Clean-up crews on Wednesday were trying to reach two sites on the Mississippi River where officials have spotted slicks and fear large oil spills.
The sheen from an “oil-like slick” on the Mississippi River is seen Thursday. At left are two storage tanks that officials fear might be leaking oil.
The sheen from an “oil-like slick” on the Mississippi River is seen Thursday. At left are two storage tanks that officials fear might be leaking oil.Louisiana DEQ
/ Source: msnbc.com

Clean-up crews on Wednesday were trying to reach two sites on the Mississippi River where officials have spotted slicks and fear large oil spills.

One suspected spill in Chalmette, a town just a few miles southeast of New Orleans, was only recently detected and an oil storage tank there could have spilled some 10,000 barrels.

“Oil got into the neighborhoods,” Jean Kelly, a spokeswoman for the Louisiana Department of Environmental Quality told MSNBC.com on Wednesday.

Just how much is unknown because “nobody’s been in there” yet, Kelly said. Getting crews to the site has been difficult given the hurricane damage and the fact that some of the workers' lives have themselves been turned upside down.

“It’s an unbelievable nightmare down here,” Kelly said. “They’re doing the best they can to get in.”

Barge heading to second site
Officials last Thursday detected a slick farther south on the Mississippi River, and just north of the devastated town of Venice.

Two oil storage tanks are thought to be leaking there. How much is also unknown, but Kelly said a working estimate right now is 78,000 barrels might have spilled. A barrel of oil is 42 gallons.

“There's no way to get in by road,” she said, adding that a barge with a clean-up crew was making its way to the site.

If the two spills are confirmed and in the thousands of barrels they would be considered significant. In contrast, the Exxon Valdez spill in Alaska in 1989 involved about 250,000 barrels of oil.

In a statement late Friday, the department said that “the slick is visible and is leaking into the river from an area near two storage tanks. Because the area is not accessible at the moment, there is no way to verify that the tanks are the cause of the leak. Also, there is no confirmation on how much of the product, which appears to petroleum based, has leaked.”

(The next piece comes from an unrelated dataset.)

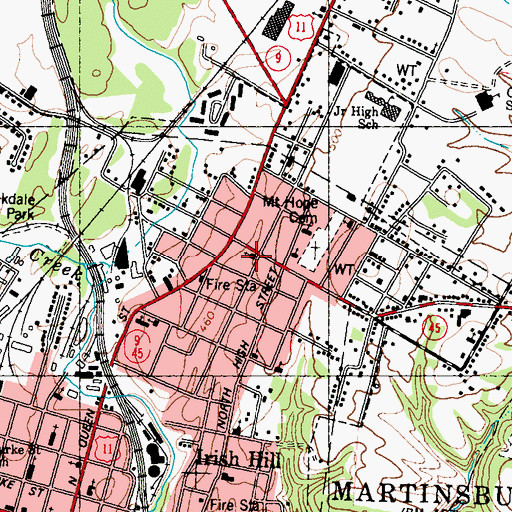 Topographic Map of Moler Avenue Church of the Brethren, WV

Venice, a town in the Mississippi River Delta, is 65 miles southeast of New Orleans. Most of it was flattened by Hurricane Katrina.

‘Only seen it from a plane’
Rodney Mallett, a responder at the state's oil spill task force, told MSNBC.com that little is known about the Venice slick so far.

“We have only seen it from a plane,” he said Friday afternoon. “It looks like it is coming from those tanks, but we need more evidence before being 100 percent sure. It could be coming from nearby and just running out from under all those trees.”

The spill was first spotted Thursday during a flyover, Kelly said.

Each tank is estimated to be 20 feet tall and 280 feet in diameter, Kelly said. The department initially estimated that total capacity could be 1 million barrels each but later reduced that to 80,000 each.

Kelly said the state agency had notified the state oil spill response task force, the U.S. Coast Guard and the Environmental Protection Agency so that they can begin clean-up.